# 2 Day Advanced Hunt Test Judges Seminar



## Sparkle (Jan 29, 2011)

AKC 2 DAY ADVANCED HUNT TEST JUDGES SEMINAR 
WHEN: OCTOBER 29-30, 2011
WHERE: GARDNER MA - SAT AM
SWIFT RIVER TRAINING GROUNDS - TEMPLETON MA SAT PM AND SUN
TIME: 8AM BOTH DAYS

This seminar will include a half day of classroom work with the rest of the day and Sunday spent in the field. At least 3 AKC field reps will be present to assist with test design and to critique the participants' judging. The host clubs will provide at least 3 dogs at all three levels for participants to judge. Scoring will also be discussed.
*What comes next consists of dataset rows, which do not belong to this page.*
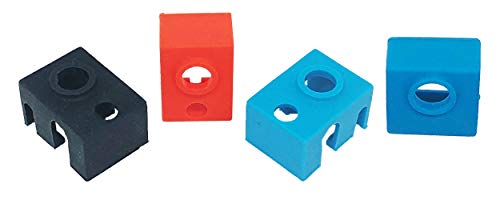3Wthings - Juego de 4 calcetines de silicona para impresora 3D E3D V6 PT100 & MK7 / MK8 / MK9 Hotend/Heizblock (negro, naranja, azul)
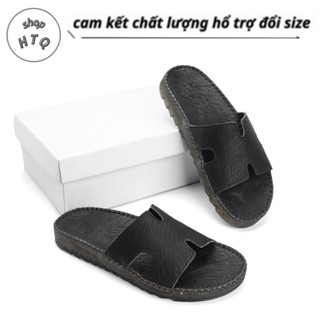 Dép da nam cao cấp đế cao su đúc nguyên khối may xung quang đế 🔹Mã Sản Phẩm: dép chữ H,đen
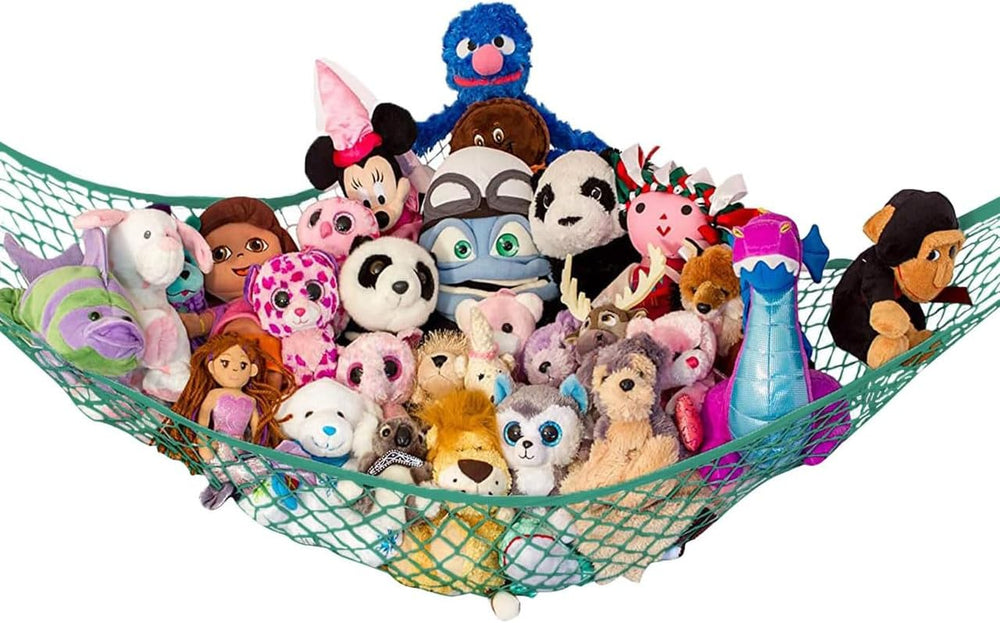 Lilly's Love stuffed-animal-hammock corner-setup keeps plushies neatly organized.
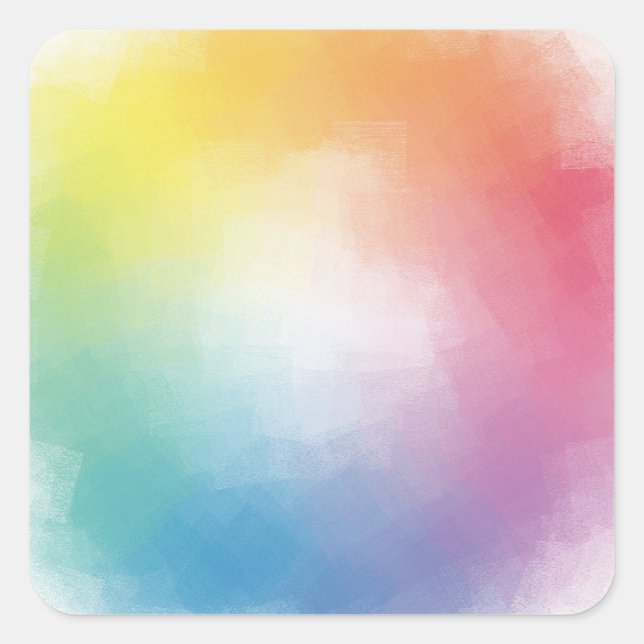 Trendy Rainbow Colours Blank Template Pink Red Square Sticker (Front)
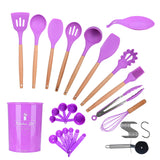 1 x RAW Customer Returns ONATISMAGIN Silicone Kitchen Utensils Set, 35 Pieces Non-Stick Silicone Cooking Utensils Set, Including Spatula, Slotted Spoon, Spoon, Pasta Fork, Pizza Wheel, Hook and More Purple  - RRP €25.2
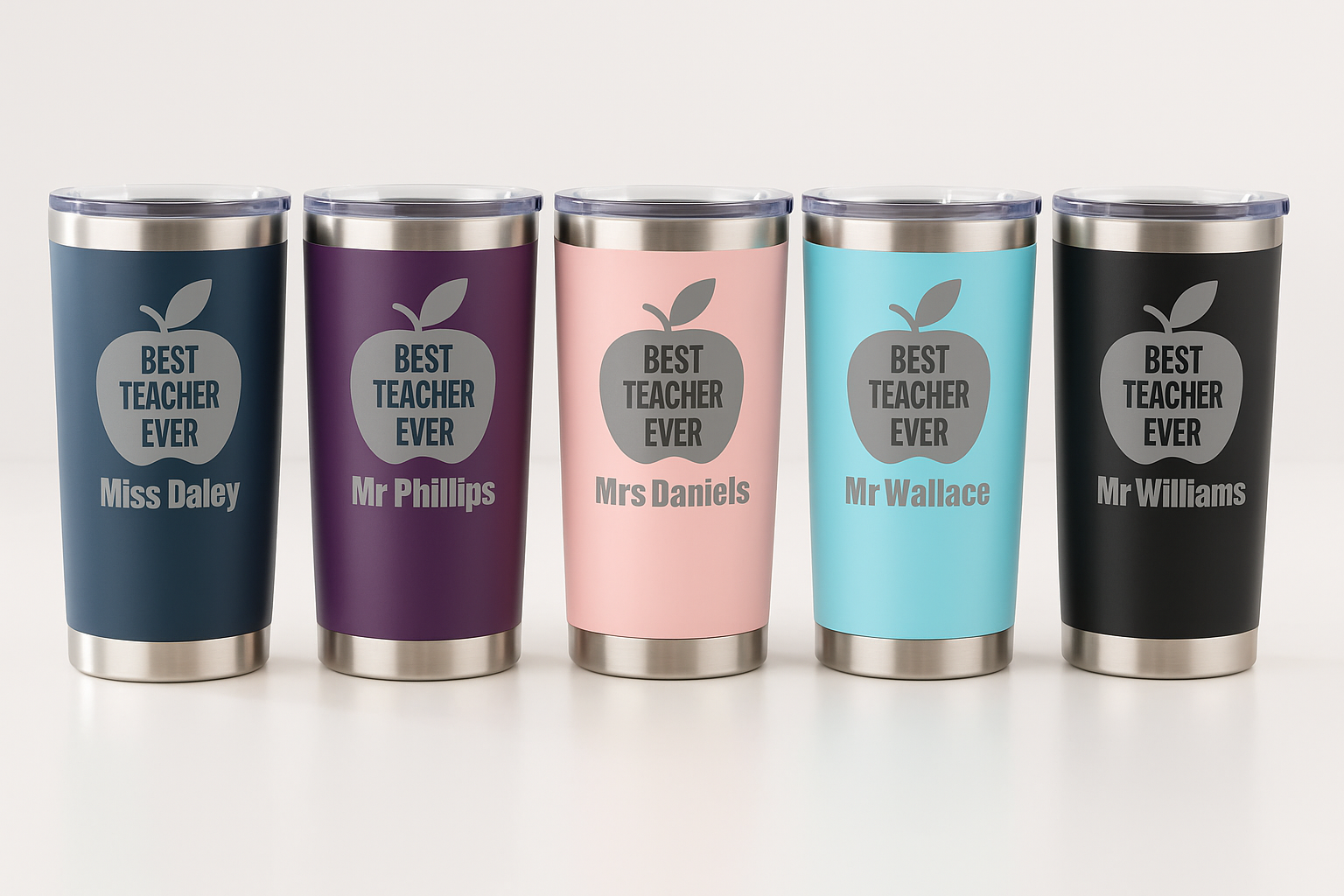 Personalised Best Teacher Apple Thermos Insulated Cup - Thermos Water Bottles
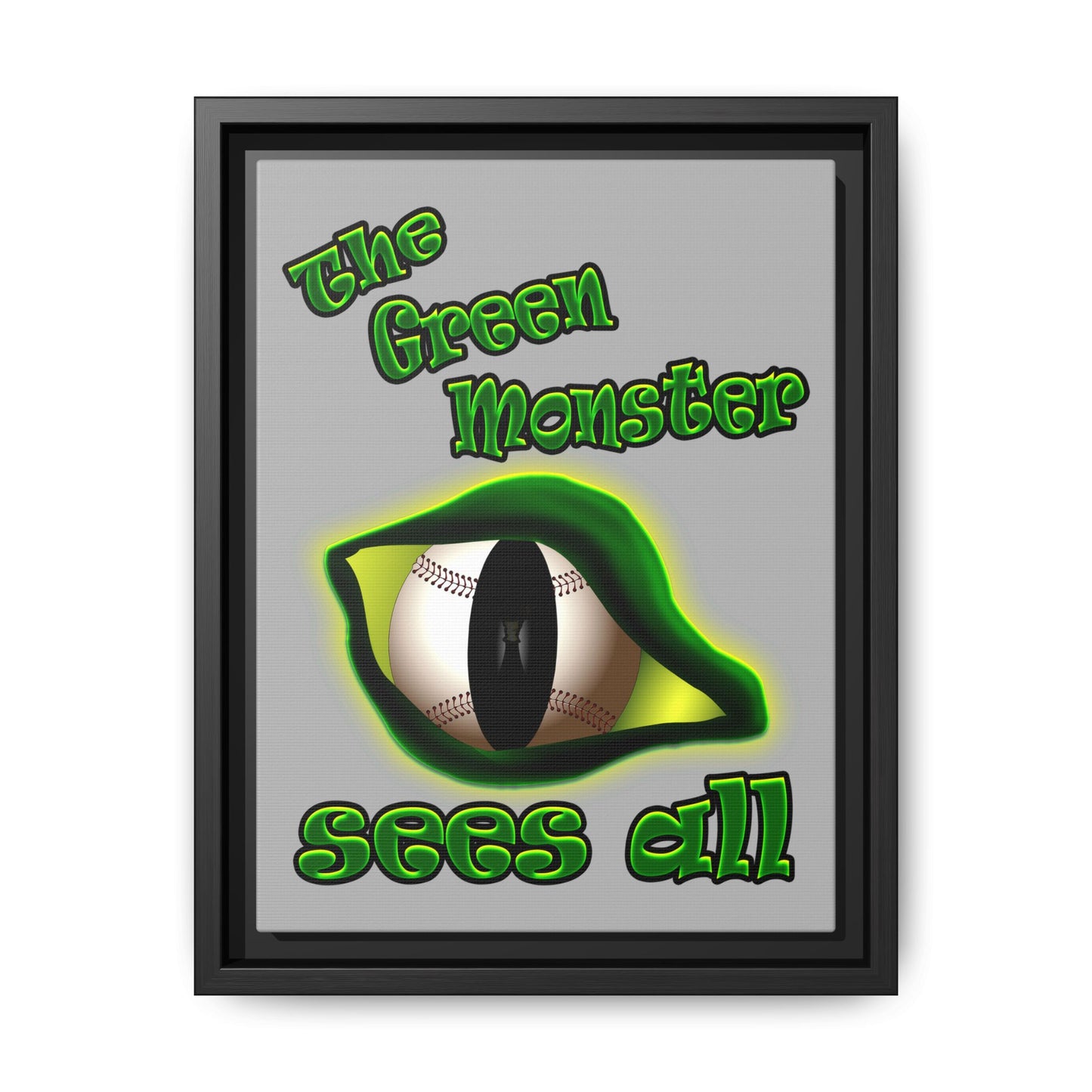 green monster - framed canvas art (light grey)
This seminar fulfills a seminar requirement for judging. Participants need not have attended a previous seminar.

Continental breakfast and lunch will be provided both days.

Additional information will be posted shortly. Contact Laura Weinmann at [email protected] for more info 

Sounds like this program was a big success in Emory TX a few weeks ago. We are very pleased to offer this new AKC program in New England this fall.


----------



## Judy Chute (May 9, 2005)

This is really great..and closer than Texas!!!  

Judy


----------



## Sparkle (Jan 29, 2011)

Hope you will attend. Working with all 9 NE Retriever Clubs to co-sponsor. Waiting for commitments from each following annual board meetings these last and next few weeks. Spread the word as we need many participants.
Thank you


----------



## Pattie (Jan 2, 2004)

Hi Laura,

I posted this info on Colonial's Website on the Events page.
http://www.colonialretrievers.com/events.html

When you get more info let me know and I will update it. Our events page gets a number hits each day.

Thanks
Pattie


----------



## Judy Chute (May 9, 2005)

Bump.....someone on RTF asking ...so making it easy to find...

Judy


----------



## Sparkle (Jan 29, 2011)

The 2 Day Advanced Retriever Hunt Test Judges Seminar in Templeton MA is open for participants on Entry Express. Cost is $40 plus EE fee. 
Date October 29-30, 2011. 
The event is sponsored by Yankee Golden Retriever Club, Labrador Club of Greater Boston, Southern Berkshire Golden Retriever Club, Colonial Field Trial Club, Shoreline Retriever Club, Northeastern Flat Coat Retriever Club and Eukanuba Dog Food. Thank you to all the clubs for supporting this event.


----------



## Golddogs (Feb 3, 2004)

Sparkle said:


> The 2 Day Advanced Retriever Hunt Test Judges Seminar in Templeton MA is open for participants on Entry Express. Cost is $40 plus EE fee.
> Date October 29-30, 2011.
> The event is sponsored by Yankee Golden Retriever Club, Labrador Club of Greater Boston, Southern Berkshire Golden Retriever Club, Colonial Field Trial Club, Shoreline Retriever Club, Northeastern Flat Coat Retriever Club and Eukanuba Dog Food. Thank you to all the clubs for supporting this event.


 
$40.00 is a steal and I encourage everyone in the area to attend. In 09 when we held the first one, we hoped it would take off across the country. Looks like the word is getting out. It is a very good time spent.


----------



## Sparkle (Jan 29, 2011)

AKC ADVANCED HUNT TEST JUDGES SEMINAR OCTOBER 29 - 30, 2011 AT SWIFT RIVER RETRIEVER TRAINING GROUNDS, TEMPLETON MA. 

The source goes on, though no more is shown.